It isn’t a controversial statement to say that Michael Moore is a controversial filmmaker. Love him or hate him, though, it’s hard to deny that the man has a passion for his work and for the home country he so often criticizes in the hopes that his contribution will make it a better place. However, even people who agree with his political leanings, myself included, can find his antics and particular cinematic style to be self-congratulatory and a bit alienating to those who need the most convincing. Where to Invade Next is a clever title for a film that is primarily about “invading” social and economic policies of other developed countries in Europe and (gasp) Africa, but Moore still his obnoxious self at the end of the day, so whether you enjoy this documentary and fully absorb its educational contents will depend largely on how much you like, or even can simply tolerate, Michael’s shenanigans.
Moore makes a travelogue of adventures to countries such as Italy, France, Finland, Germany, Tunisia, and Iceland to name a few, seeking to learn what he can about their successes in worker’s rights, publicly funded education, prisoners’ rights, women’s rights, and other metrics by which various countries excel compared to the United States, the self-proclaimed greatest country in the world. Moore brings up good points about how the U.S. does not like to acknowledge the problematic aspects of its heritage, and how we are a people more focused on individualistic advancement than on community benefit and compassion, and he makes a compelling case that, even if the United States doesn’t adopt the exact models of these studied nations, the path we persist on traveling can only result in negative consequences.
However, Moore is true to form in being a documentarian more concerned with spectacle than responsibility. He gained his claim to fame by making popular documentaries that sensationalized his subject matter and delivered a pointed and opinionated perspective, which works primarily to rally those who already believe in what you’re saying. What Moore fails to do, in other documentaries as well as in this one, is defend against counterarguments in any way that doesn’t outright dismiss them, if he even deigns to acknowledge that a counterargument exists at all. There are likely logistical and cultural reasons why many foreign social policies wouldn’t translate one-to-one if transplanted to the U.S., but Moore isn’t interested in that. Instead, he’d rather put himself in front of the camera, putting on a hackneyed shtick about how he’s learning right along with us how much better these other countries have it; that’s a level of naiveté he should really know better than to assume of his audience.
As Moore himself says in an early voiceover, he’s “only interested in picking the flowers, not picking the weeds.” Unfortunately, Mr. Moore, if you plan to be honest with your audience, you have to show them the negative aspects of the policies you advocate, otherwise you are selling saccharine half-truths just as much as the politicians you rally against.
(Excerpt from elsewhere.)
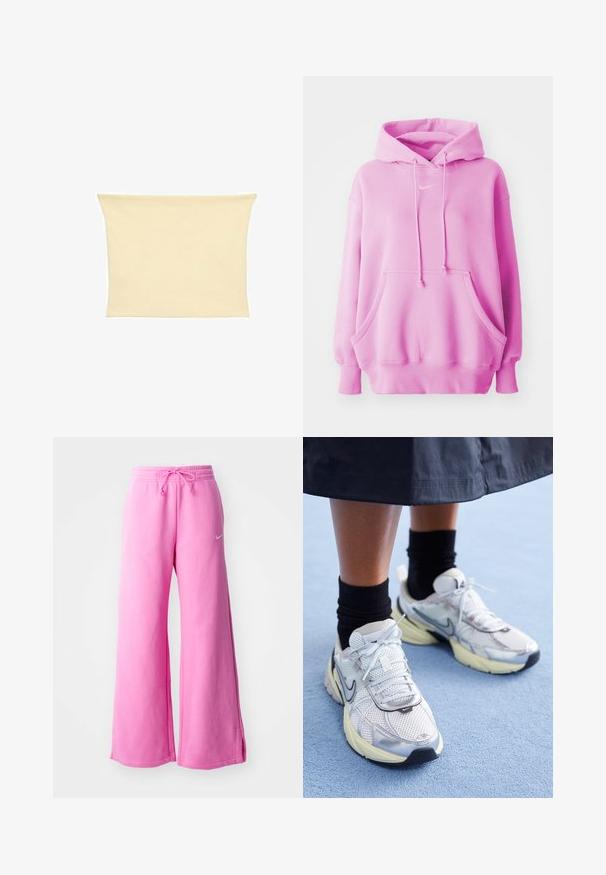 Roza dukserica s kapuljačom na vezanje, prednjim džepom i rebrastim manžetama. Ima mali bijeli Nike logo na prsima. Mekani pamučni materijal.; Bežasti rastezljivi top bez rukava od tkanine s glatkom teksturom i jednostavnim dizajnom. Rasklopljeni rubovi i bez vidljivih dijelova ili uzoraka.; Roze široke trenirke od mekog pamuka, s remenom za podešavanje u struku i malim bijelim logotipom sprijeda.; Bijele i srebrne Nike tenisice od mrežaste tkanine, s reflektirajućim detaljima i bež potplatom. Nosi se s crnim čarapama, stojeći na plavoj površini.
Where to Invade Next is far from unengaging, and is rather educational when you get right down to it. However, it’s important to keep in mind that the man behind (and in front of) the camera has an agenda, and whether you agree with that agenda or not, reporting all the relevant facts is his responsibility as a documentarian. If you’re Moore’s kind of liberal, prepare to have your opinions validated. If you aren’t, then I highly doubt this film will convince you otherwise, which is a shame. I really wish it could have.